Sharps & flats

Macha rides a rickshaw loaded with esoterica to the top of the college charts.

Published October 7, 1999 4:00PM (EDT)

Athens, Ga., has been the seat of a lot of hype, and its small-town hipsters, tooling around in dilapidated cars, preserved by cheap alcohol and the hot Georgia sun, know it. The hype and the hip are somewhat deserved: There is a staggering amount of musical output for a town with a population of 95,000. (Of course it follows that there is also a staggering amount of sludge.) The tiny oasis in the heart of Dixie has nursed the second-wave psychedelic Elephant 6 collective, eccentric folkmeister Vic Chesnutt and of course, for 20 years and counting, alt-rock heroes R.E.M. This time around a strange new hybrid has appeared, sprouted from seeds flung over from Texas via Florida and cross-pollinated by insects from the South Asian seas.

Macha is two brothers from Texas, one ex-Edie Brickell and the New Bohemians guitarist and a Georgian with the name of a Japanese video game hero. Familiar yet foreign, chaotic, yet painstakingly choreographed like a Kung Fu movie, Macha's music combines the precision tension-and-release postpunk of Mogwai with the lush, hypnotic grind of My Bloody Valentine and bits of new wave. But it's the rickshaw-load of esoterica that makes the band stand out. The following is just a short list of some of the exotic gear used on "See It Another Way": Javanese zither, Balinese bamboo flute, hammer dulcimer, Hawaiian slide guitar, talempong nipple gongs and Nepalese shawms. Add to that the standard guitar-bass-drums combo, a vibraphone and a '70s-era thrift-store organ called the Fun Machine. The result is like a Filonov canvas -- densely textured, organic, breathtaking and a little weird.

"See It Another Way" is Macha's second album, a strong follow-up to last year's debut, a sleeper hit that crept along before shooting up the national college music charts to No. 5. The guiding principle of that album was: Throw it all together and let it bootyshake. The outcome was giddy, complicated and fresh.

"See It Another Way," which has held the No. 1 spot on the college music charts for the past few weeks, is more subdued and a bit darker, and has a cleaner sound -- the studio mistakes of the first album have been corrected so that the acoustic instruments sound just as big as the guitars.
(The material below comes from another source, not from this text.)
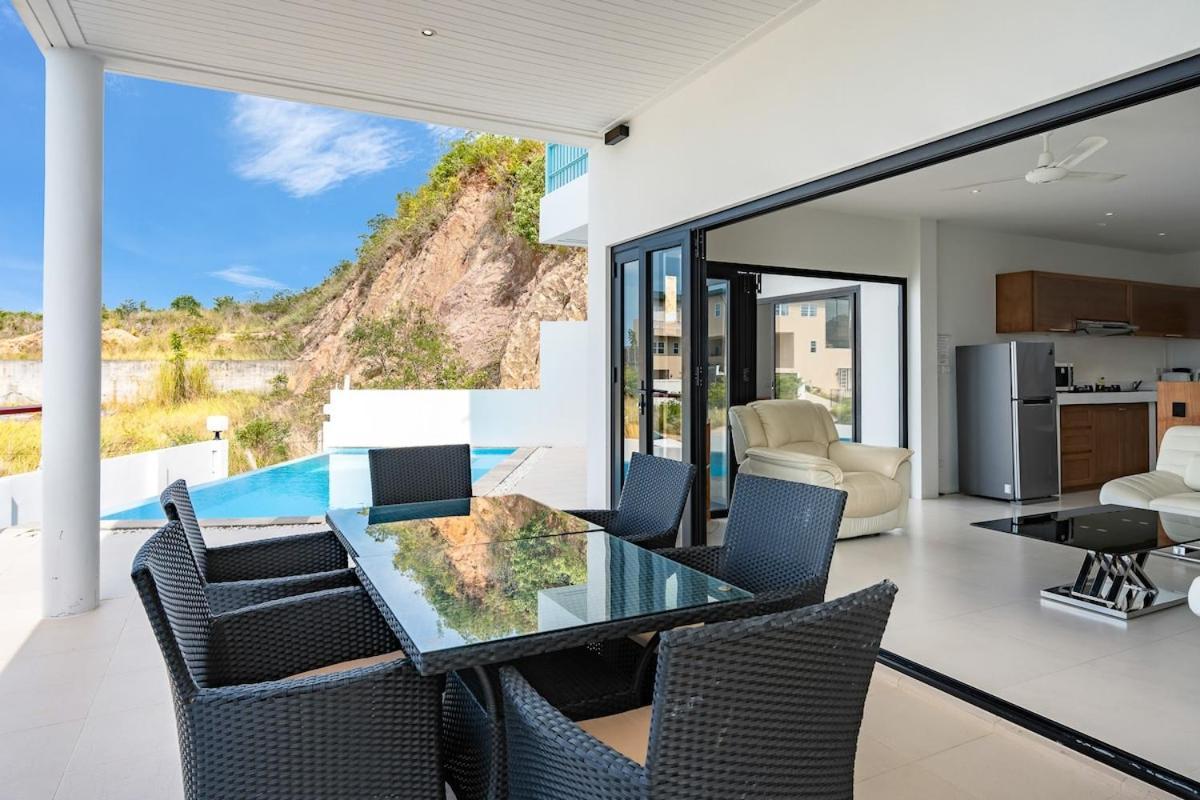 Villaer 2 Bed Seaview 5 Mins To B1 *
"Salty's" seductive vocals slide over the spare Javanese zither line at the heart of the song. Menace oozes from a moody, overdriven bass line. When vocalist Josh Mckay half-whispers, "We cleaned each other for comfort," it's less of a tender reminiscence than a post-tryst warning. The most captivating sequence of songs is a somber, pensive movement in three steps. "The Nipplegong," the album's centerpiece, is a melancholic rock tune, buoyed by an orchestra of gongs floating in a sea of organ chords and zither. Somehow the organ manages to sound just as foreign as the gongs. The trippy "Come Close" follows like a submerged afterthought. And finally, there is "Submarine Lover," a disturbingly dark lullaby with an eerie sprinkling of vibes.

The album isn't perfect. The Nepalese and Sumatran shawms and Balinese bamboo flute on "Until Your Temples Are Pounding" make exhilarating leaps, but even the beautiful bursts can't conceal the song's limp composition. And "Mirror's" sleepy frugality feels out of place, making it little more than shiftless filler. Furthermore, the streamlined quality of the album -- the straightforward structure of many of the songs and the way they sometimes zip from one to another -- is a little disappointing when compared with the structural ingenuity of the first record, both in terms of the individual songs and the way they were melded together into a deftly orchestrated succession of moods.

In this current music culture of hodgepodge, melting pots and pomo pastiche, the word "multicultural" too often means crude cut-and-paste rather than actual dialogue. Macha accomplish something a little more subtle. They explore the boundaries between cultures with maturity and tact instead of crossing them and plundering -- like Paul Simon -- or exploiting them as a gimmick -- like Ricky Martin or Kid Rock. It makes sense that Macha convened in Athens. Away from the overbearing and deafening cultural stew of a major metropolis, Macha have been able to take their fascination with multiplicity and tinker away, fashioning their own take on the shrinking world within a supportive, eclectic community.


By Funke Sangodeyi

Funke Sangodeyi is a freelance Web producer and journalist in Atlanta.